● **Action item**
After finding the line with "Turkey 2019 Centenary" in the data below, set down exactly each line through the one with "Changes in Saudi Curreny exposed", inclusive, and stop there.
-- Record extracts follows --
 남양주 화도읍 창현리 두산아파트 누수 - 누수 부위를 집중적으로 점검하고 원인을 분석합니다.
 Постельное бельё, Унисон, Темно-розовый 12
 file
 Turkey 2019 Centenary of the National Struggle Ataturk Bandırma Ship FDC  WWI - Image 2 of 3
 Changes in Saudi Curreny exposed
-- Record extracts concluded --
-- Record extracts follows --
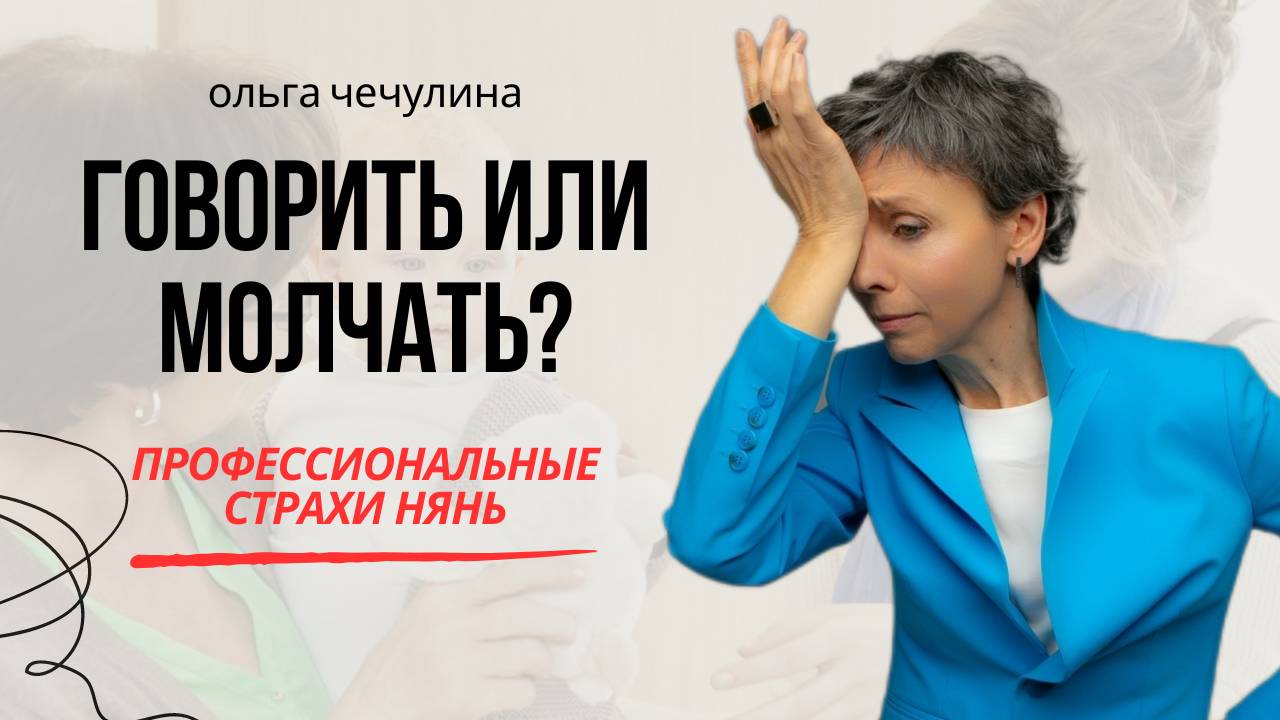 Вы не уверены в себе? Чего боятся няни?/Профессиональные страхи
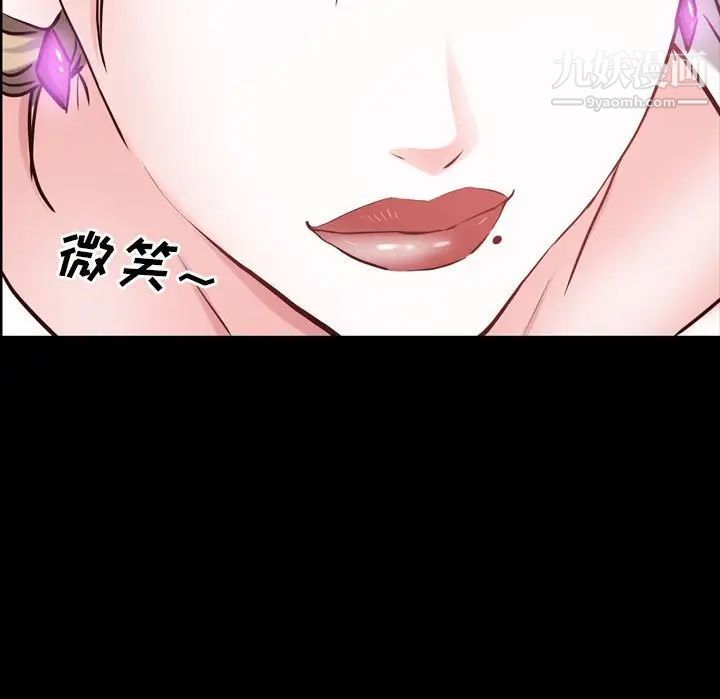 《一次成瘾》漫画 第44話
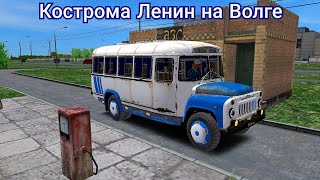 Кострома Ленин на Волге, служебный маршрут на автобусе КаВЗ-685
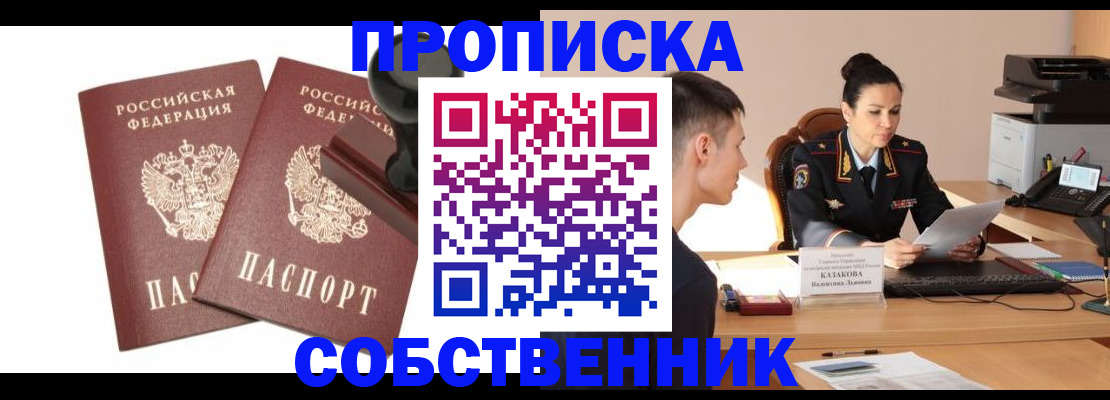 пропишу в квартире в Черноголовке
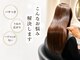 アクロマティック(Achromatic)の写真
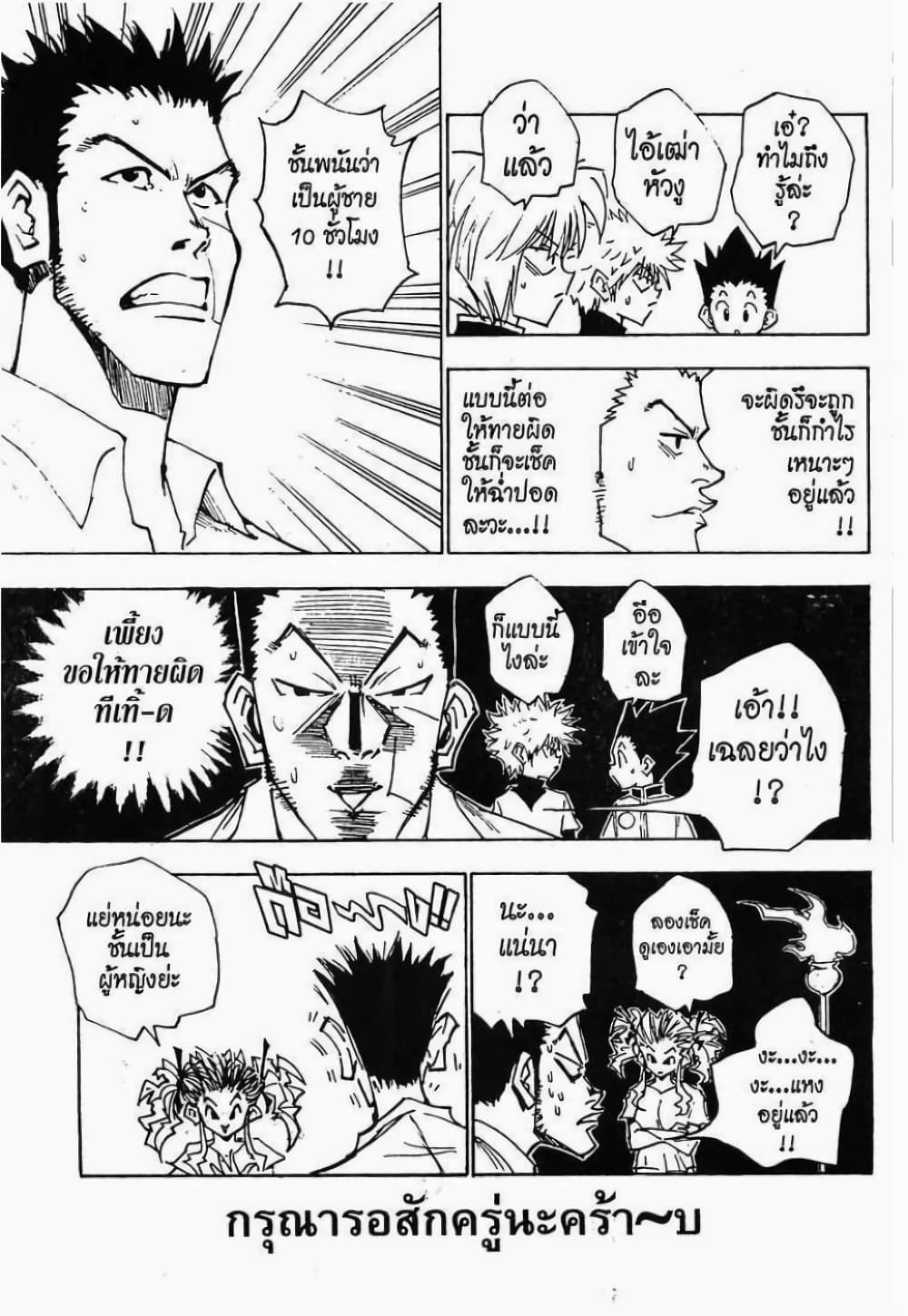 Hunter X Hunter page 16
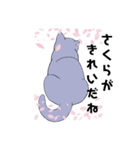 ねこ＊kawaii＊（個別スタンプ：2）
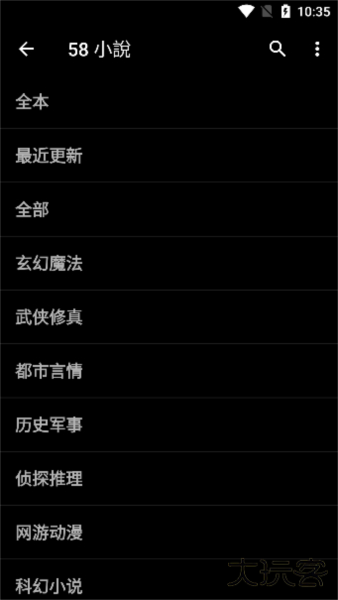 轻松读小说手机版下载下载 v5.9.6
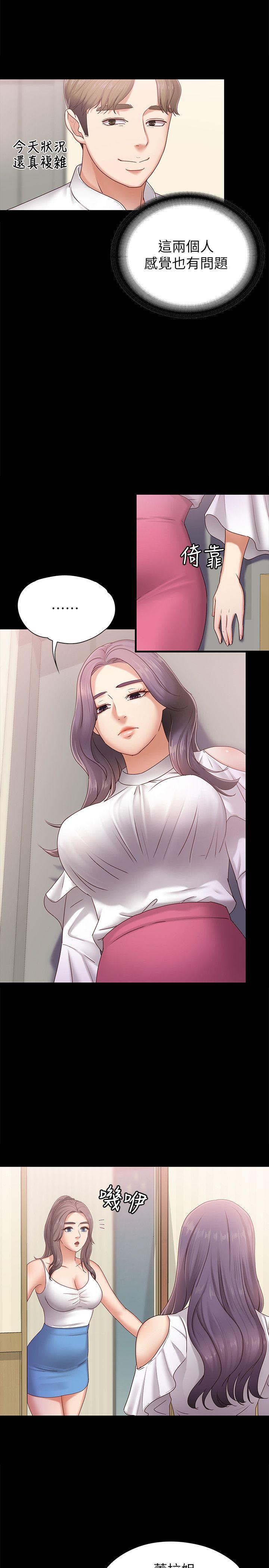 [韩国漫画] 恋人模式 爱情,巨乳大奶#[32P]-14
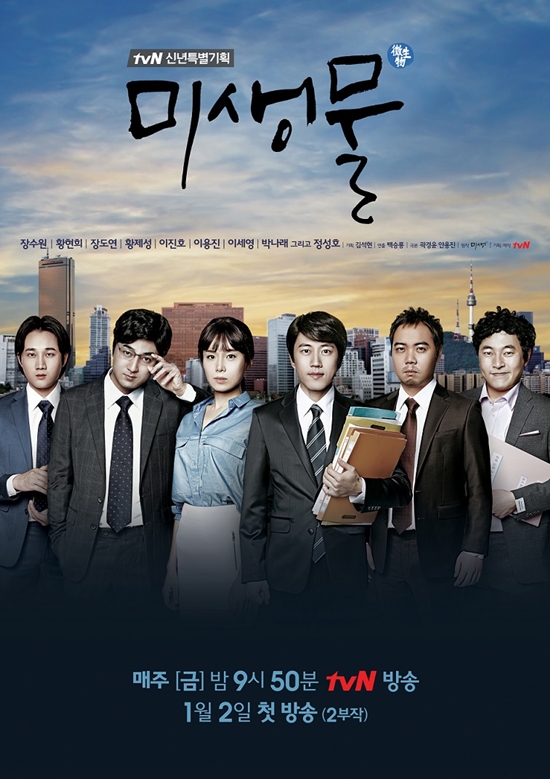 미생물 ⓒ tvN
-- Record extracts concluded --
-- Record extracts follows --
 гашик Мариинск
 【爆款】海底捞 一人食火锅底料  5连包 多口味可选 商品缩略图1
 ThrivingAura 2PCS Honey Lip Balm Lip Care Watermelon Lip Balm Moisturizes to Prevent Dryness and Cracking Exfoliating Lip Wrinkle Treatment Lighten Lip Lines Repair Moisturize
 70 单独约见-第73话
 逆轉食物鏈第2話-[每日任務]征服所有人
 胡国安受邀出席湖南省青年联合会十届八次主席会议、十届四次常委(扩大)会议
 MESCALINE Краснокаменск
-- Record extracts concluded --
● **Reply**
 Turkey 2019 Centenary of the National Struggle Ataturk Bandırma Ship FDC  WWI - Image 2 of 3
 Changes in Saudi Curreny exposed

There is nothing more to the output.